Deutsche Bank AG will pay $220 million to settle claims brought by 45 U.S. states in connection with the German bank's artificial manipulation of benchmark interest rates, New York Attorney General Eric Schneiderman said Wednesday.

The settlement agreement follows an investigation, led by the attorneys general in New York and California, into alleged fraud in how 16 banks, including Deutsche Bank, set the London interbank offered rate between 2005 and 2010. Libor and other benchmark interest rates are used to set the price on trillions of dollars in loans and derivatives world-wide.

According to the settlement agreement, Deutsche Bank failed to disclose its false or misleading Libor submissions, attempted to influence other banks' Libor submissions to benefit Deutsche Bank's trading positions, and knew other banks were manipulating their Libor submissions but failed to disclose it.

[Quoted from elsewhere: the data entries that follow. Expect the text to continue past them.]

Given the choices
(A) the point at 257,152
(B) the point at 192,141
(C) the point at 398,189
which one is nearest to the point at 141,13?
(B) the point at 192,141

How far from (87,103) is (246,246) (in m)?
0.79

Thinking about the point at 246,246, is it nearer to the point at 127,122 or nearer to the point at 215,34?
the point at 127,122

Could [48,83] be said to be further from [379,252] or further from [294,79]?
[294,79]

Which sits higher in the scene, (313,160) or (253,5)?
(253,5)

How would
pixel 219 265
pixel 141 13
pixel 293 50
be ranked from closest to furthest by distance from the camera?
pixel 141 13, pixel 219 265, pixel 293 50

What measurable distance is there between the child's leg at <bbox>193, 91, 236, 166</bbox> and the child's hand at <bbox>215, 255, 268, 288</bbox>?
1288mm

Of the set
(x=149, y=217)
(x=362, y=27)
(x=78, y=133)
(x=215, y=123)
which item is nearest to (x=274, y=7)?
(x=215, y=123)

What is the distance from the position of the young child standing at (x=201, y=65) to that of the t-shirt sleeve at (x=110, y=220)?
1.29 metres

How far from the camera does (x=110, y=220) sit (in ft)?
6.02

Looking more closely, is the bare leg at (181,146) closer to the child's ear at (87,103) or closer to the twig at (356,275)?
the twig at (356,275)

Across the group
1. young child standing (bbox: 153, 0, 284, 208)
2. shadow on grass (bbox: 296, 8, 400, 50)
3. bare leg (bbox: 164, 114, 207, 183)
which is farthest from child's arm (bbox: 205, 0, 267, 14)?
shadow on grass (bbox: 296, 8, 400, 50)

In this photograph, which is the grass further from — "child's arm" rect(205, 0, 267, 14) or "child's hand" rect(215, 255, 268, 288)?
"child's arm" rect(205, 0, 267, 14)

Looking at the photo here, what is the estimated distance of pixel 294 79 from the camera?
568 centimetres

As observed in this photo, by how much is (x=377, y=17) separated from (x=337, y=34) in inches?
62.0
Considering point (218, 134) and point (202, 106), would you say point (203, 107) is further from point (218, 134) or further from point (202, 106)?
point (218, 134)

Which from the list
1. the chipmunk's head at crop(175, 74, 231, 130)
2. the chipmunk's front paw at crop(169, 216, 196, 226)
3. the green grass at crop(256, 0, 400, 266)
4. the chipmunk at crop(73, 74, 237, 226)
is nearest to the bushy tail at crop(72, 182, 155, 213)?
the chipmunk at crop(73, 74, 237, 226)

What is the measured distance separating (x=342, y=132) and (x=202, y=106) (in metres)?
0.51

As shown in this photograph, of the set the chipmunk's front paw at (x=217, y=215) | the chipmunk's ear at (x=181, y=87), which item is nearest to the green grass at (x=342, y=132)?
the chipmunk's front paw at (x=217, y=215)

The settlement announced Wednesday brings Deutsche Bank's tally of regulatory payouts for alleged Libor-related misdeeds to around $3.7 billion. That tally comes to just over $4 billion when civil settlements are included.

"This settlement resolves the bank's final pending U.S. regulatory inquiry related to Libor," a spokeswoman for Deutsche Bank said in a statement.

Under the settlement's terms, entities with Libor-linked swaps or investment contracts with Deutsche Bank will be notified if they can receive distribution from a $213 million escrow fund.

"We will not tolerate fraudulent, manipulative or collusive conduct that interferes with or undermines confidence in our financial markets," Mr. Schneiderman said. "As a result of Deutsche Bank's misconduct, government entities and not-for-profits were defrauded of funds that otherwise could have been used to benefit New Yorkers."

Deutsche Bank is the second bank to reach a settlement in the states' investigation; Barclays Bank PLC and Barclays Capital Inc. agreed to a $100 million settlement in August 2016.

Deutsche Bank is one of a raft of global investment banks that collectively paid billions in fines in connection with Libor-rigging allegations. In April 2015, the German lender paid $2.5 billion to settle U.S. and British Libor-rigging allegations and admitted wrongdoing. Two years earlier, the bank paid nearly $1 billion to resolve a European antitrust investigation into Libor.

Regulators found Deutsche Bank put profits over compliance, failing to police employees who were involved in setting widely used interest-rate benchmarks. The bank suffered additional penalties in part because, according to regulators, the bank failed to cooperate adequately in yearslong investigations.

Deutsche Bank cooperated with the states' investigation, according to the settlement agreement.